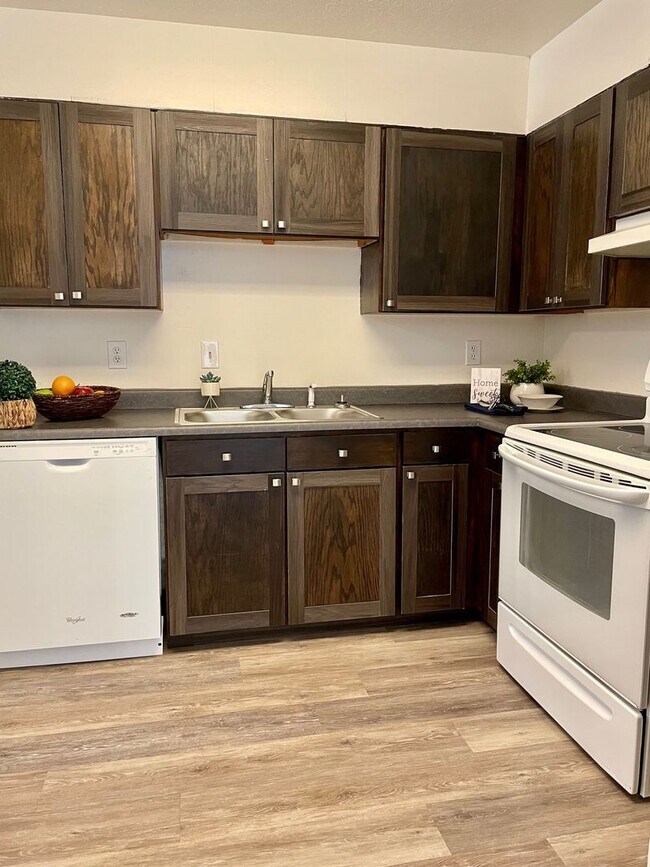 Foto del edificio - 222 Pingree Ave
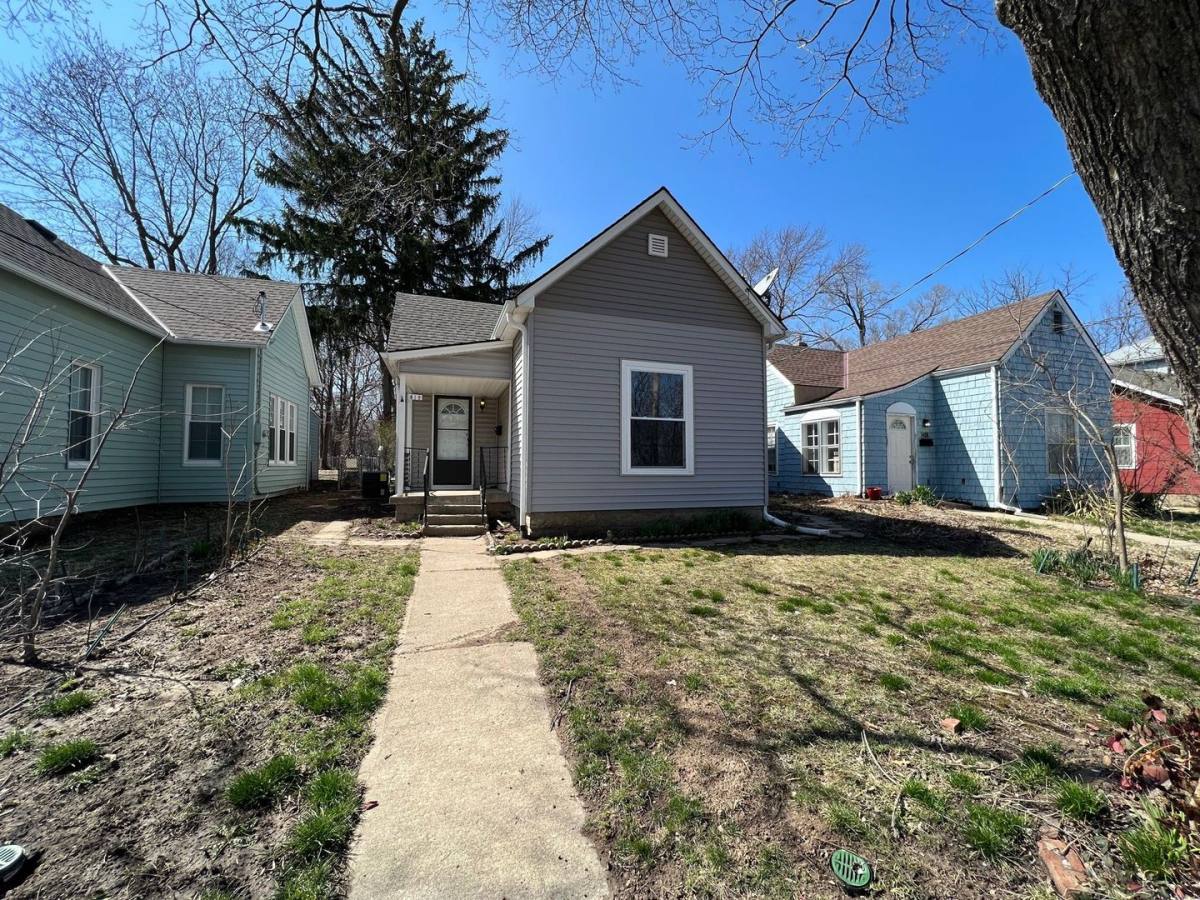 House for rent at 412 S Hocker Ave, Independence, MO 64050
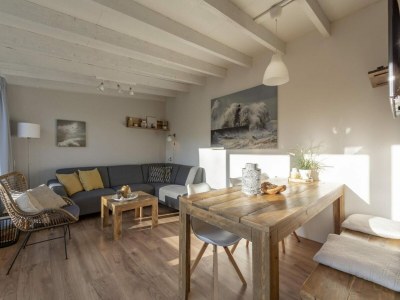 Bungalow Cozy bunglow with garden in Sint Maartenszee - Bungalow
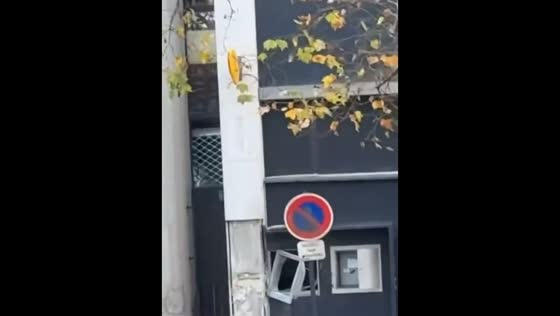 Post office ATM explosion during robbery in Roubaix, France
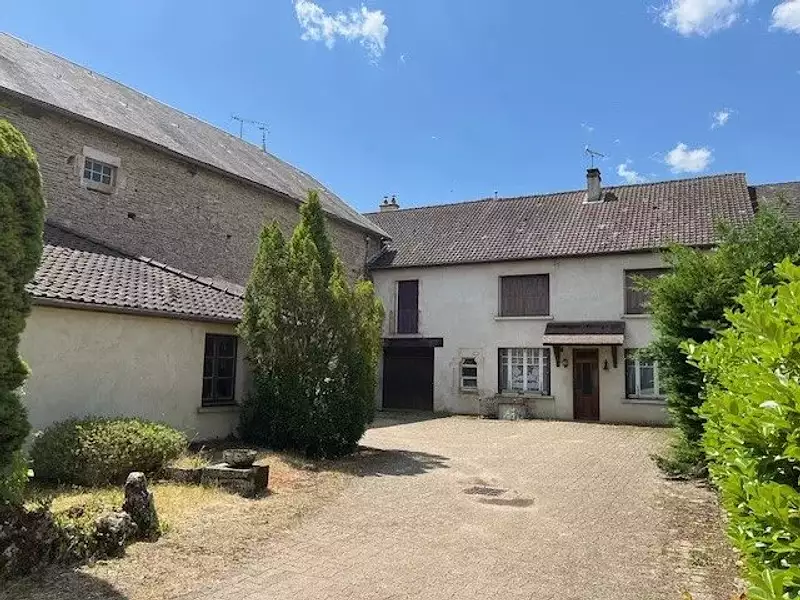 Maison, 167 m²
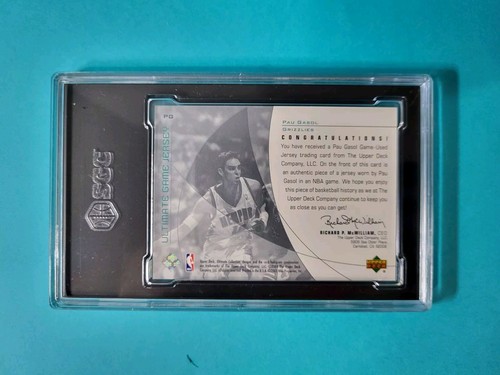 2002-03 UD Ultimate Collection Ultimate Game Jersey #PG Pau Gasol /250 SGC 8.5 - Picture 3 of 3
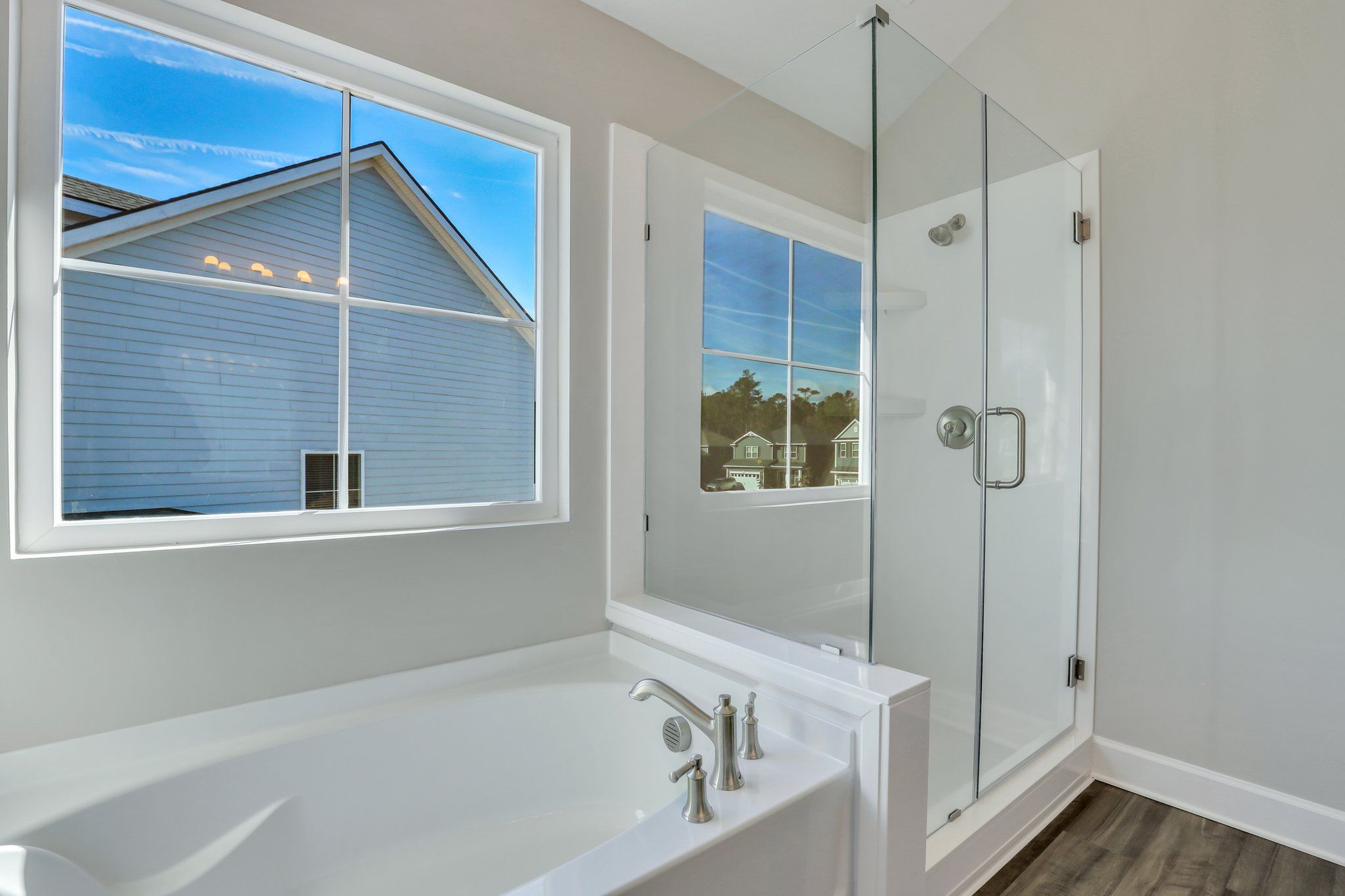 Edisto – Owner’s Bathroom | Ernest Homes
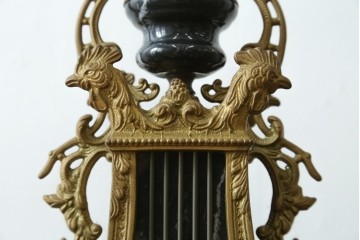 中古　高級品　イタリア　FARBEL　Imperial(インペリアル)　六本木アピス取り扱い　天使像と真鍮製の装飾が際立つ置時計　(R-085913)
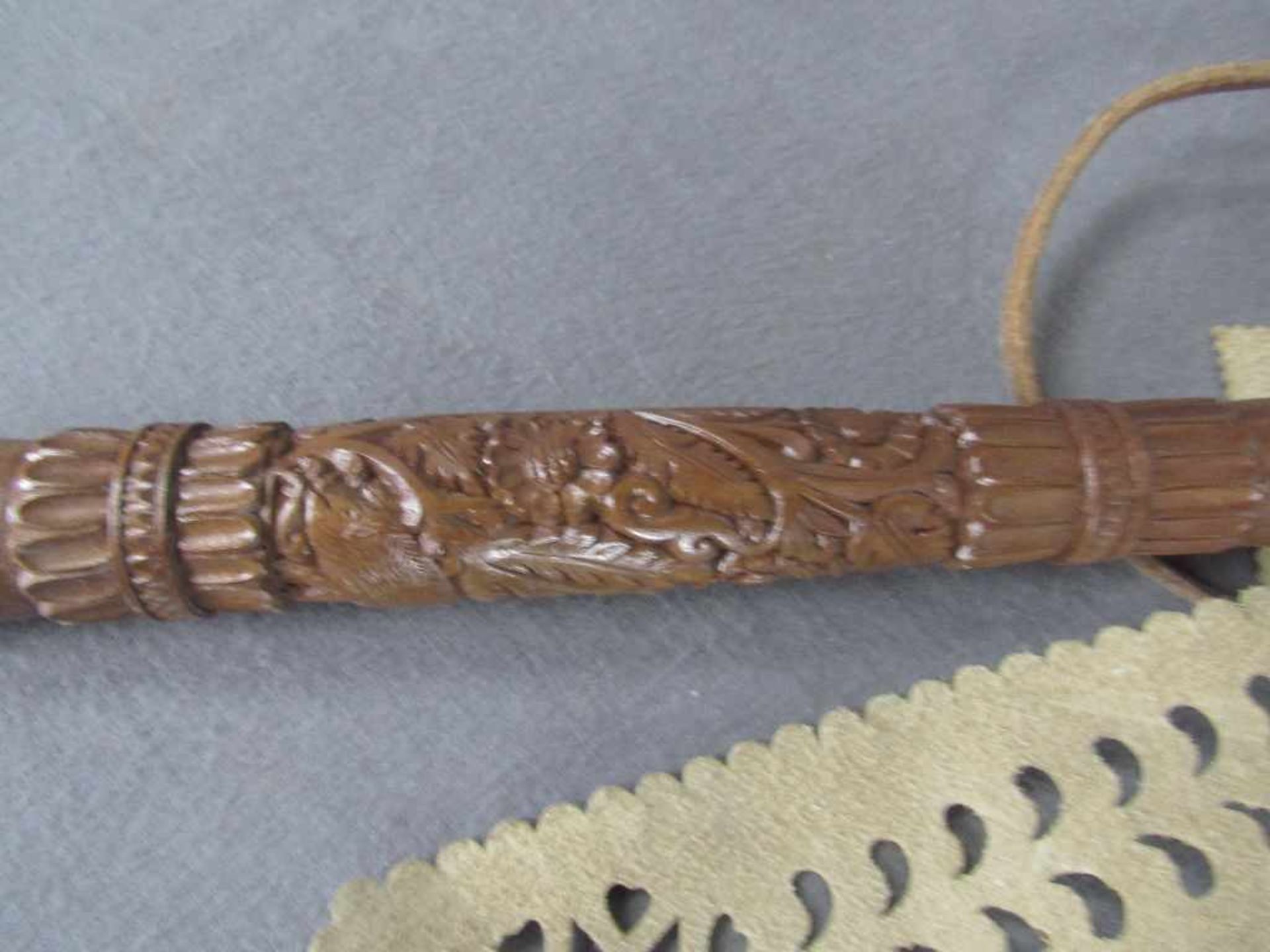 Asiatische Peitsche Holz und Leder Griffstück geschnitzt - Bild 2 aus 3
※
**HOW TO COMPLETE THIS TASK:** Only exact duplicates of the lines from the one containing "House for rent" through the final line of the entries, both included, are needed, with pictures left out.

**OUTPUT OF THE TASK:**
 House for rent at 412 S Hocker Ave, Independence, MO 64050
 Bungalow Cozy bunglow with garden in Sint Maartenszee - Bungalow
 Post office ATM explosion during robbery in Roubaix, France
 Maison, 167 m²
 2002-03 UD Ultimate Collection Ultimate Game Jersey #PG Pau Gasol /250 SGC 8.5 - Picture 3 of 3
 Edisto – Owner’s Bathroom | Ernest Homes
 中古　高級品　イタリア　FARBEL　Imperial(インペリアル)　六本木アピス取り扱い　天使像と真鍮製の装飾が際立つ置時計　(R-085913)
 Asiatische Peitsche Holz und Leder Griffstück geschnitzt - Bild 2 aus 3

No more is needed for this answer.